Requiring a web server be installed on the examiners workstation just means one more application, as well as one point of failure should the web server bind to an externally facing interface and be inadequately firewalled.

H. Carvey said...

Ryan,

Things like deviance from a moving average or other indicators that might hint to "unusual" activity.

"Moving average" of what?

I'm interested in your idea, but I'm having some trouble conceptualizing it.

If you were to aggregate every timestamp in a computers forensically available life to a single dataset, how strongly would the correlation be with a regression line?

Let's say you image a machine, and you know that the corporate user has access to a file server, and uses Word and Excel. The last access time on the applications is just that...the last time the application was accessed. You'll get MAC times from the various Word docs and Excel spreadsheets, but I'm not seeing where you'd be able to develop an deviance or a moving average...b/c you don't have any historical data from which to create an average.

Can you elaborate? Perhaps provide a concrete example? I think you may be on to something here...

Anonymous said...

Sorry, it's always more clear in my head. :)

Let's make it simple and only take the last accessed times on a system. For simplicity sake convert them to seconds, or 10ths of a second if you want to use a 64-bit value. Sort the list from least to greatest and then convert them to a 2-tuple with their index number being the major axis:

tuple-N = (N, timeN)

Now, if the system was constantly being used you'd expect that new files would be touched and eventually retouched after a given period. However, during the period it might be logical to expect that the dataset of (x,y) coordinates might fit to an x=y linear regression line. That is to say, as you progress through time files are getting accessed evenly over the period. Every 5 minutes you see another 10 files being accessed. Averaged out this could fit to some linear regression line.
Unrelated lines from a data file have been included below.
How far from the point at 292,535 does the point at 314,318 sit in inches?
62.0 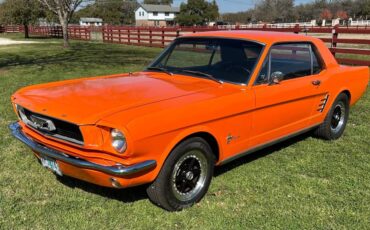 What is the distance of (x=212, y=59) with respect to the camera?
15.0 ft

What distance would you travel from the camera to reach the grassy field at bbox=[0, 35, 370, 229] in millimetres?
3422

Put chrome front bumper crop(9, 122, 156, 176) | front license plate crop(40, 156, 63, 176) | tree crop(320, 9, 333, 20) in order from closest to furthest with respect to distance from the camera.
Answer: chrome front bumper crop(9, 122, 156, 176) < front license plate crop(40, 156, 63, 176) < tree crop(320, 9, 333, 20)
Now, let's say the computer isn't being constantly used, since people obviously (in a work environment) don't do much at night other than a virus scan. Instead of fitting to a linear x=y line it might behave like a different periodic function. Instead of getting into things like quadratic or quartic regressions I thought another way to model the "normal" data would be by a moving average. Let's say during the day you accessed lots of files. This would cause your moving average to go up. Then at night when your access patterns were really low your moving average would likely go down.

Now, the way this all might be able to help, let's say one night someone's nightly moving average skyrockets to three times their normal nightly moving average. Obviously something unusual is going on with the computer. This could be counted as a "statistical anomaly" and need further investigation. It could be that that was the night that the IT team was updating people’s machines, or it could be that the computer was rooted.

With things like files you might have a shorter moving average of only a day, but with other sources of historical data you might be able to use a longer moving average of a month.

As you point out, you're right, you won't get a lot of historical data from last accessed times of word documents or excel spreadsheets. However, you can get lots of historical data from temporary files. Say, auto-saves from word, or temporary internet files, or getting away from files, event log dates. When you pool all the dates and times available on the system, I'm curious what form of patterns can be established. We are creatures of habit and I think those habits will extend into the forensic information and with the right tool we can make the deviations from that pattern stand out clearly as black vs. white.

I hope that clarified things a little bit, otherwise let me know and I’ll see if I can’t explain it out a little more.